[Sugar-devel] Why automated testing and "dogfooding" is crucial (was: Re: code submitted for review should have been tested)
tomeu at sugarlabs.org
Wed Aug 18 08:04:40 EDT 2010
On Wed, Aug 18, 2010 at 11:54, Sascha Silbe
<sascha-ml-ui-sugar-devel at silbe.org> wrote:
> Excerpts from Tomeu Vizoso's message of Wed Aug 11 12:22:00 +0200 2010:
>> any code contributor is expecting that their patches will be tested by
>> the reviewer?
> A contributor should test their code to the best of their ability.
> A reviewer can, but doesn't have to test the code. A tester can, but
> doesn't have to review the code. With the mailing list based review model,
> this is expressed as the separate Reviewed-By and Tested-By tags.
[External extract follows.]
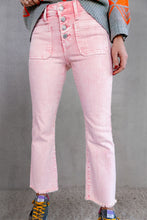 Load image into Gallery viewer, Raw Hem Button-Fly Jeans with Pockets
>> Because of this specific commit, file transfers have been broken since
>> early this year and it's obvious that this code wasn't tested at all:
> Me being the original author of the patch, it's obvious that the code was
> tested rather well before submitting it for review. But
> a) I'm not perfect, so some code paths were not exercised before the
> initial submission for review
> b) it took many months before the patch was accepted, so it bitrotted.
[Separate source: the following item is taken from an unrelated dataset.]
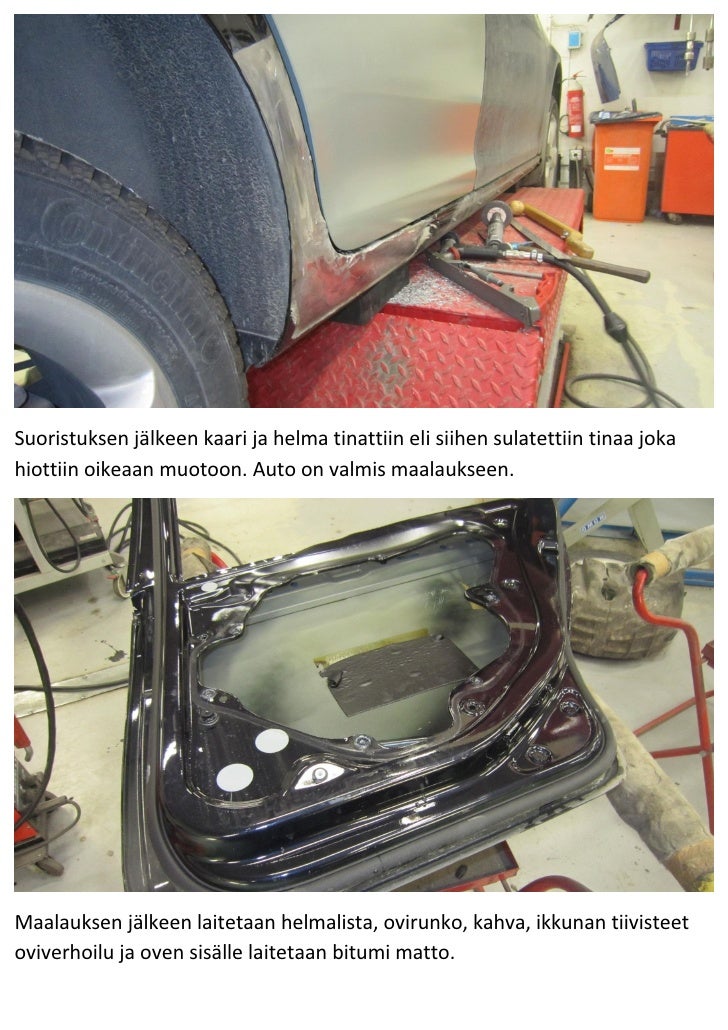 Lokasuojan kaaren oikaisu ja oven vaihto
> Simon probably had to solve a number of conflicts; also some changes
> in the surroundings of the patch might have been "ignored" by the VCS.
> All this is an error-prone process that requires any test to be
> re-run / re-done.
> This is a very nice example of
> a) how the long time patches wait in the review queue and the cumbersome
> process of submitting them to Trac is negatively affecting the project
> (I remember fixing an issue in this very patch related to file sharing,
> but probably never submitted an updated patch to Trac because it was
> rejected anyway back then).
> b) why automated testing is crucial. (I don't think I need to elaborate
> that point, it should be obvious from the above if it wasn't obvious
> before already.)
>> Given the current poor state of our testing efforts,
> The best way to get Sugar tested well (besides automatic tests which only
> catch specific cases) is by eating our own dog food. Of course, this
> requires us to accept some "high ceiling" patches (that no deployment
> will call for) instead of just "low floor" ones. This might increase the
> risk of breaking something (or raising the floor), but IMO is more than
> offset by the better testing and increased number of motivated
> contributors we get.
You make good points, but the bit about dogfooding doesn't hold as
well because I, for example, don't ever use file transfer in GNOME.
In any case, I don't think you are saying that if I propose a patch
that changes code in the file transfer path I shouldn't have tested
Btw, I've been looking at AT-SPI with eyes on accessibility and testing today.
> Please consider this mail food for thought, not a direct retort to your
> complaint about the breakage. That I was the one who authored this
> original patch is merely a detail showing that even careful and
> experienced contributors (as I consider myself to be) can't be relied upon
> to not make mistakes. We need to accept the fact that humans are imperfect
> and cater for it by tuning our processes and goals.